---- Raw data
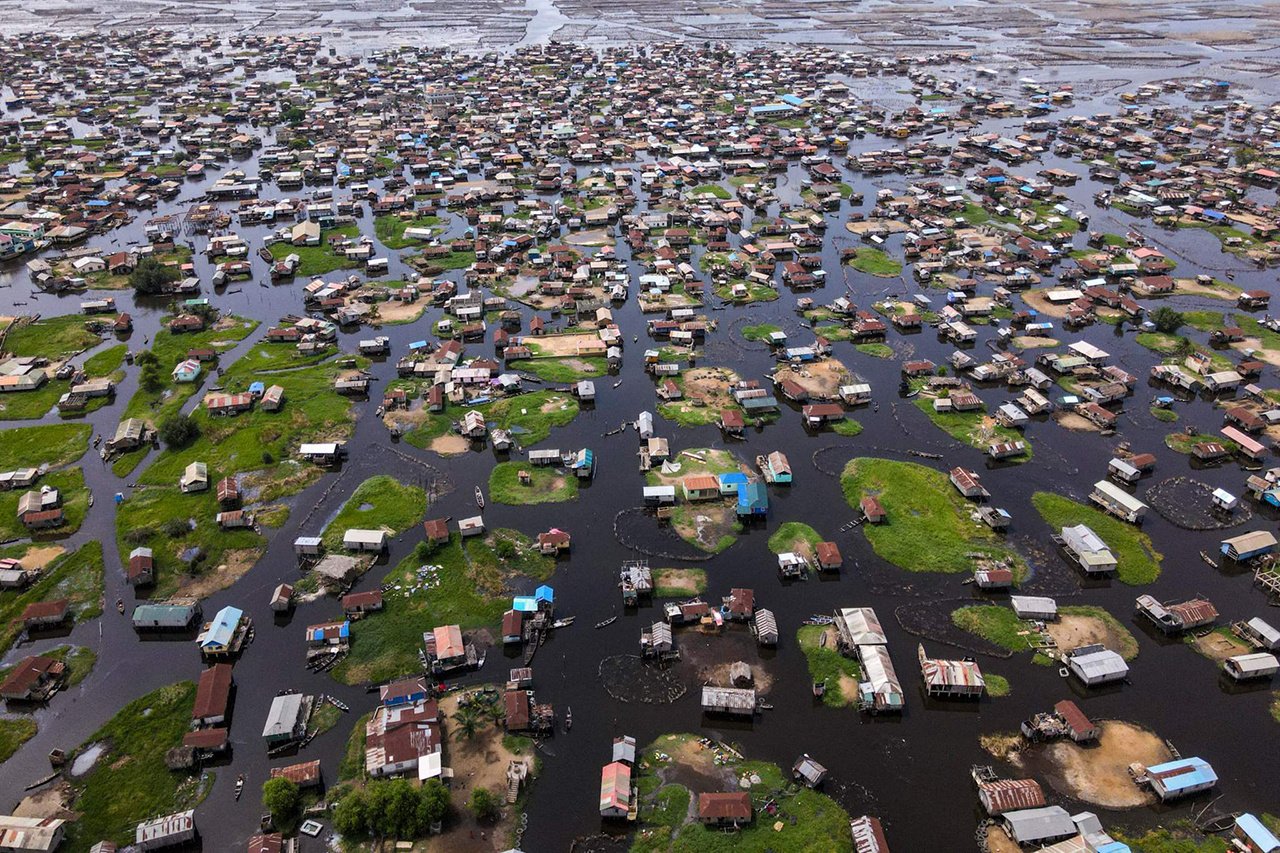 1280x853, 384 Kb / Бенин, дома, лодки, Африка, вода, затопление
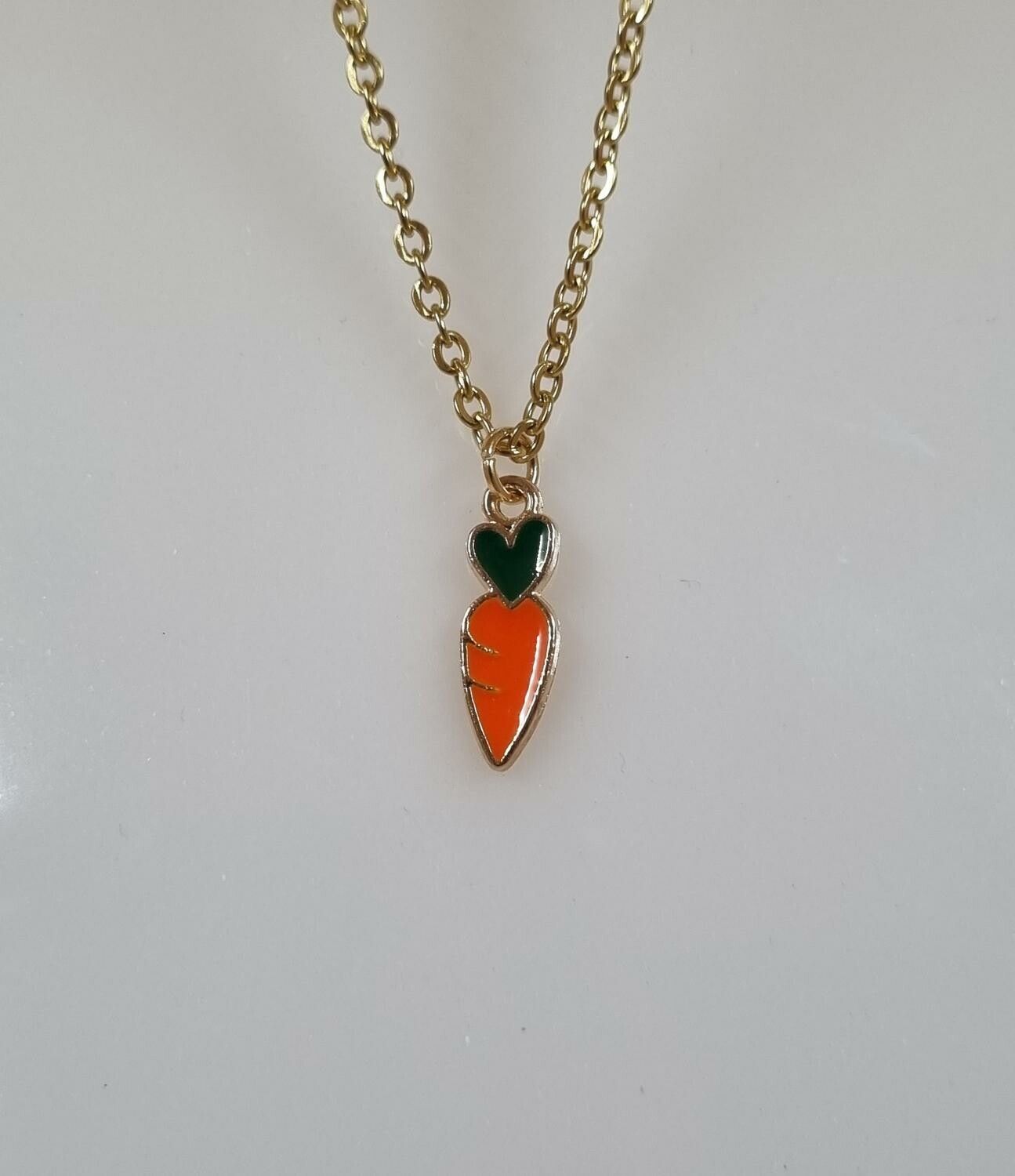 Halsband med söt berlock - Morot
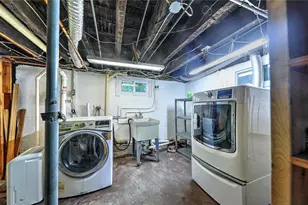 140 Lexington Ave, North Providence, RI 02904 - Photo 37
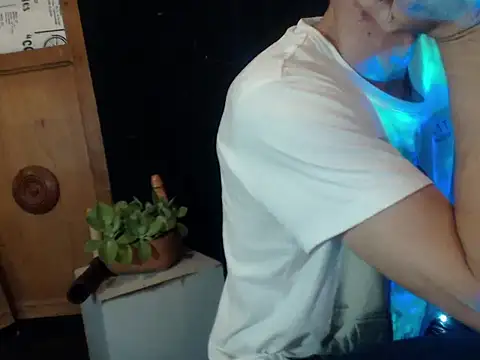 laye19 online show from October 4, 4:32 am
--------
Problem requirements: None of the pictures belong in the copy. Write out exactly the lines from the line that holds "140 Lexington Ave, North" through the last line of the listing above, both ends included.

Solution for this problem:
 140 Lexington Ave, North Providence, RI 02904 - Photo 37
 laye19 online show from October 4, 4:32 am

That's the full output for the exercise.